Segundo Leo, os reparos de Festus estavam indo de vento em popa. Ele comentou isso enquanto mastigava avidamente enchiladas ao lado de Calipso durante o café da manhã ao redor da fogueira. Uma parte de mim esperava que os ventos virassem e ele não terminasse tão rápido os reparos, outra queria apenas que os reparos e aquelas provações acabassem logo. Eu mordiscava um sanduíches de peito de peru enquanto considerava as chances de eu sair vivo daquela confusão na qual minha vida havia sido lançada.

Depois do café, treinei um pouco de arqueria com Kayla. Eu iria acabar morto de qualquer forma, Estíge só intensificaria o processo, tornando-o mais lento e doloroso, como punição pela quebra de meu juramento. Ajudei Will na enfermaria com os que continuavam com febre: Damien e Chiara. Aquele acampamento precisava de mais gente, a pequena parcela de mortais presentes não me parecia suficiente para tornar a experiência de um acampamento com interessante.

Não precisei caminhar muito mais para encontrar Paulo. Ele estava no estábulo dos pégasos, havia visto-o por uma pequena janela enquanto ia em direção aos campos de morangos. Ele escovava a crina de um deles. O cavalo branco com crina e cauda douradas parecia gostar muito dele, por um momento pensei em como seria bom ter ele escovando meu cabelo ou fazendo uma massagem em meus ombros depois de uma competição de arqueria. Ele só notou minha presença depois que se despediu do Pégaso e guardou a escova, quando deu de cara comigo bloqueando a porta de entrada e saída.

"Bom dia, raio de sol." Ele sorri e eu fico dividido entre flertar e usar de meus poderes divinos para tortura-lo. Mas eu não sabia como flertar nem tinha poderes dos quais pudesse usar. Eu odeio ser chamado de raio de sol, e não, eu não estava corando.

"Bom dia." Resmungo em retorno

"Will contou que você usou um dicionário."

"Não gosto muito de ser chamado de raio de sol, Ares me chamou assim durante pelo menos um milênio quando assumi o lugar de Hélio." Resmunguei, observando a maneira como os bíceps dele fexionaram quando cruzou os braçõs em frente peito igualmente muculoso.

"Prefere Lorde Apolo ou Lester?"

"Só Apolo, não me sinto como um lorde, mas nem tampouco quero ser um Lester."

"Você destruiu um gigante de metal com uma flecha de espirro." Eu ri e ele pareceu relaxar, como se tivesse finalmente entendido que eu não o amaldiçoaria por me chamar de raio de sol.

"Detesto admitir que aquilo foi pura sorte."

"Deve ser difícil ser um deus e ter que aprender a ser humano."

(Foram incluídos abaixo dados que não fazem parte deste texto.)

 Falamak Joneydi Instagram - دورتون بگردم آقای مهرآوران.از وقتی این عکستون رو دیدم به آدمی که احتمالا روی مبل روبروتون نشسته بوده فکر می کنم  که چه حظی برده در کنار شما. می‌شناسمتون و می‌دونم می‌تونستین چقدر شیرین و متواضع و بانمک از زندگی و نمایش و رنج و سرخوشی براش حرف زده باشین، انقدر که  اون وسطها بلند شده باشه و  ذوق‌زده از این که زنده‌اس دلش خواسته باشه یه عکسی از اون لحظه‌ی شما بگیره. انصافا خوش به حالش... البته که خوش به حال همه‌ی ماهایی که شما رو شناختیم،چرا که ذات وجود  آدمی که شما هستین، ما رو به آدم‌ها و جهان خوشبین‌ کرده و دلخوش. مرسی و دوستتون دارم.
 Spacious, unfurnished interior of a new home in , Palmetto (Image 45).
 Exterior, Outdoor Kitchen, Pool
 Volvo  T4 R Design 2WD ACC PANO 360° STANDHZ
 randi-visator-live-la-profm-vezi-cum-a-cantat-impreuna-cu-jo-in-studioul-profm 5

"A iminência da morte, puberdade, fragilidade e nenhuma habilidade atlética, não sei o que me irrita mais." Ele estava bem na minha frente agora, perto o suficiente para eu ter de erguer o rosto para olhar nos olhos dele.

"A iminência da morte torna tudo mais interessante, especial." Ele coloca as mãos dentro dos bolsos. "E, bem, puberdade é  uma saco, mas todos passam por isso."

"Todos os mortais."

"Você é mortal, talvez se aceitar logo as coisas fiquem mais fáceis." Ele apertou minha bochecha e depois a beijou. "Vejo você no almoço, raio de sol."

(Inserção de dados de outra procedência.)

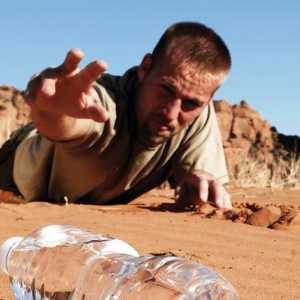 Cât timp poate o persoană să trăiască fără apă și cum să se ocupe de deshidratare?
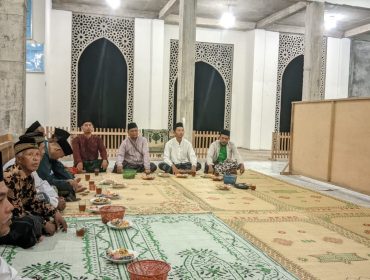 Rapat Pengurus dan warga Nahdlatul Ulama (NU) Ranting Krendetan, Kecamatan Bagelen, turut berpartisipasi dalam mendukung pembangunan Masjid Hasyim Asy'ari di Purworejo. (Dok. Eko)
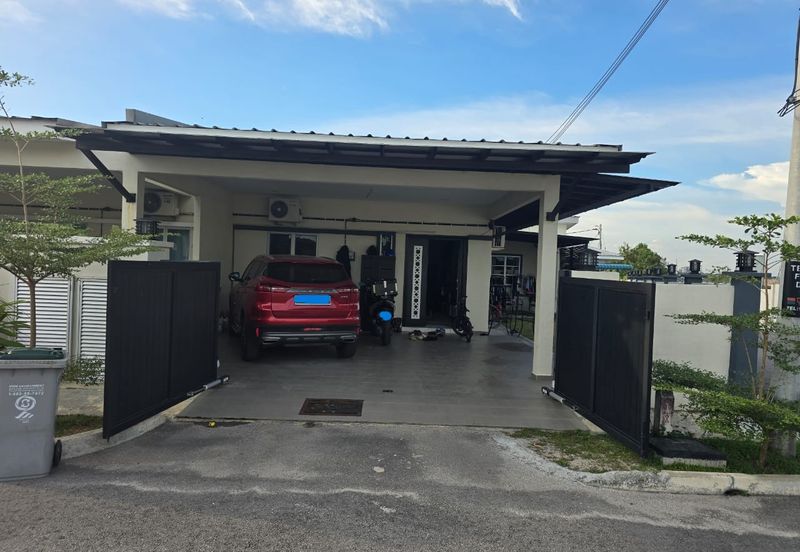 Taman Bakti YNS | Labu, Negeri Sembilan | Single Storey Corner Lot | Renovated with Extra Land. Move-In Ready!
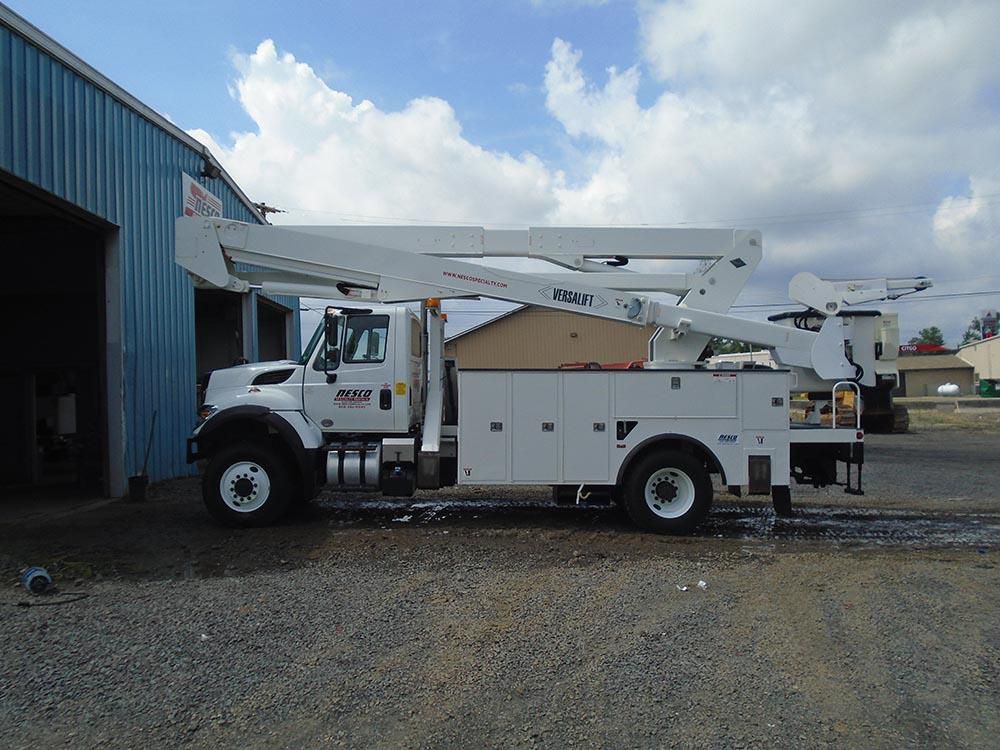 71 ft Insulated Material Handling AWD Transmission Bucket Truck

Aceitar. Palavrinha difícil de engolir, mais difícil ainda de digerir. Mas que droga, quem disse que ele podia me deixar ali sozinho depois de ser tão atrevidinho pra me dar aquele beijo na bochecha. Virei e observei a silhueta dele se afastando, se eu desse uma pequena corrida podia alcançar, malditas pernas curtas de Lester Papadopoulos. Dei a corridinha e passei a acompanha-lo na caminhada até onde quer que estivesse indo.

"O que vai fazer agora? "  Perguntei enquanto observava a expressão serena dele mudar pra um sorriso amplo.

"Um pouco de canoagem, quer me acompanhar?"

"Sim." O sim tinha deixado minha boca tão rápido que não tive nem tempo de pensar em tentar uma de diícil. Isso só fez ele focar os olhos em mim, o sorriso parecendo adquirir mais alguns megawatts.

Seguimos para o estreito. Ajudei Paulo a colocar a canoa na água e ele me entregou um remo. Sinceramente, eu estava esperando que ele fosse remar sozinho, como naqueles filmes românticos clichês, mas ele queria que eu remasse com aqueles braços fracos de Lester. Coloquei na cabeça que iria valer a pena e peguei o remo, um pouco de esforço não faria mal, principalmente levando em conta que eu poderia ver os bíceps em ação.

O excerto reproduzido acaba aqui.